The official implementation has been released here!

Appreciation

StabilityAI and 🤗 Huggingface for the generous sponsorship, as well as my other sponsors, for affording me the independence to open source current artificial intelligence techniques.
Greg DeVos for sharing experiments he ran on iTransformer and some of the improvised variants

Install

$ pip install iTransformer

Usage

import torch
from iTransformer import iTransformer

# using solar energy settings

model = iTransformer(
    num_variates = 137,
    lookback_len = 96,                  # or the lookback length in the paper
    dim = 256,                          # model dimensions
    depth = 6,                          # depth
    heads = 8,                          # attention heads
    dim_head = 64,                      # head dimension
    pred_length = (12, 24, 36, 48),     # can be one prediction, or many
    num_tokens_per_variate = 1,         # experimental setting that projects each variate to more than one token. the idea is that the network can learn to divide up into time tokens for more granular attention across time. thanks to flash attention, you should be able to accommodate long sequence lengths just fine
    use_reversible_instance_norm = True # use reversible instance normalization, proposed here https://openreview.net/forum?id=cGDAkQo1C0p . may be redundant given the layernorms within iTransformer (and whatever else attention learns emergently on the first layer, prior to the first layernorm). if i come across some time, i'll gather up all the statistics across variates, project them, and condition the transformer a bit further. that makes more sense
)

time_series = torch.randn(2, 96, 137)  # (batch, lookback len, variates)

preds = model(time_series)

# preds -> Dict[int, Tensor[batch, pred_length, variate]]
#       -> (12: (2, 12, 137), 24: (2, 24, 137), 36: (2, 36, 137), 48: (2, 48, 137))

For an improvised version that does granular attention across time tokens (as well as the original per-variate tokens), just import iTransformer2D and set the additional num_time_tokens

Update: It works!
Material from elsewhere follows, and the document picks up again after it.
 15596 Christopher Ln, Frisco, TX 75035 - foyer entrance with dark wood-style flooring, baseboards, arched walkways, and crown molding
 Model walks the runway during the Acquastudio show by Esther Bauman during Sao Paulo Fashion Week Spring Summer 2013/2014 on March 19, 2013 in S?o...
Thanks goes out to Greg DeVos for running the experiment here!

Update 2: Got an email. Yes you are free to write a paper on this, if the architecture holds up for your problem. I have no skin in the game

import torch
from iTransformer import iTransformer2D

# using solar energy settings

model = iTransformer2D(
    num_variates = 137,
    num_time_tokens = 16,               # number of time tokens (patch size will be (look back length // num_time_tokens))
    lookback_len = 96,                  # the lookback length in the paper
    dim = 256,                          # model dimensions
    depth = 6,                          # depth
    heads = 8,                          # attention heads
    dim_head = 64,                      # head dimension
    pred_length = (12, 24, 36, 48),     # can be one prediction, or many
    use_reversible_instance_norm = True # use reversible instance normalization
)

time_series = torch.randn(2, 96, 137)  # (batch, lookback len, variates)
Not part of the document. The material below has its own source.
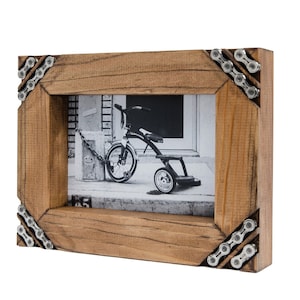 May include: A wooden picture frame with a black and white photo of a child's tricycle. The frame is decorated with silver bicycle chain links in the corners.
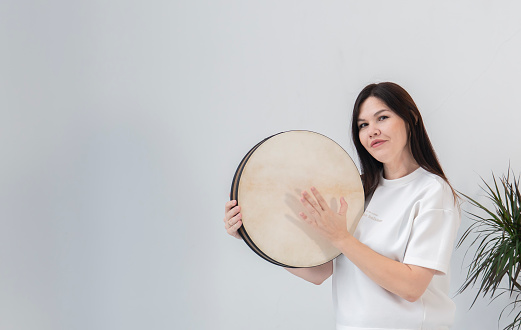 A young woman, a brunette with long hair, holds a tambourine (ocean drum) in her hands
preds = model(time_series)

# preds -> Dict[int, Tensor[batch, pred_length, variate]]
#       -> (12: (2, 12, 137), 24: (2, 24, 137), 36: (2, 36, 137), 48: (2, 48, 137))

Experimental

iTransformer with fourier tokens

A iTransformer but also with fourier tokens (FFT of time series is projected into tokens of their own and attended along side with the variate tokens, spliced out at the end)

import torch
from iTransformer import iTransformerFFT

# using solar energy settings

model = iTransformerFFT(
    num_variates = 137,
    lookback_len = 96,                  # or the lookback length in the paper
    dim = 256,                          # model dimensions
    depth = 6,                          # depth
    heads = 8,                          # attention heads
    dim_head = 64,                      # head dimension
    pred_length = (12, 24, 36, 48),     # can be one prediction, or many
    num_tokens_per_variate = 1,         # experimental setting that projects each variate to more than one token. the idea is that the network can learn to divide up into time tokens for more granular attention across time. thanks to flash attention, you should be able to accommodate long sequence lengths just fine
    use_reversible_instance_norm = True # use reversible instance normalization, proposed here https://openreview.net/forum?id=cGDAkQo1C0p . may be redundant given the layernorms within iTransformer (and whatever else attention learns emergently on the first layer, prior to the first layernorm). if i come across some time, i'll gather up all the statistics across variates, project them, and condition the transformer a bit further. that makes more sense
)

time_series = torch.randn(2, 96, 137)  # (batch, lookback len, variates)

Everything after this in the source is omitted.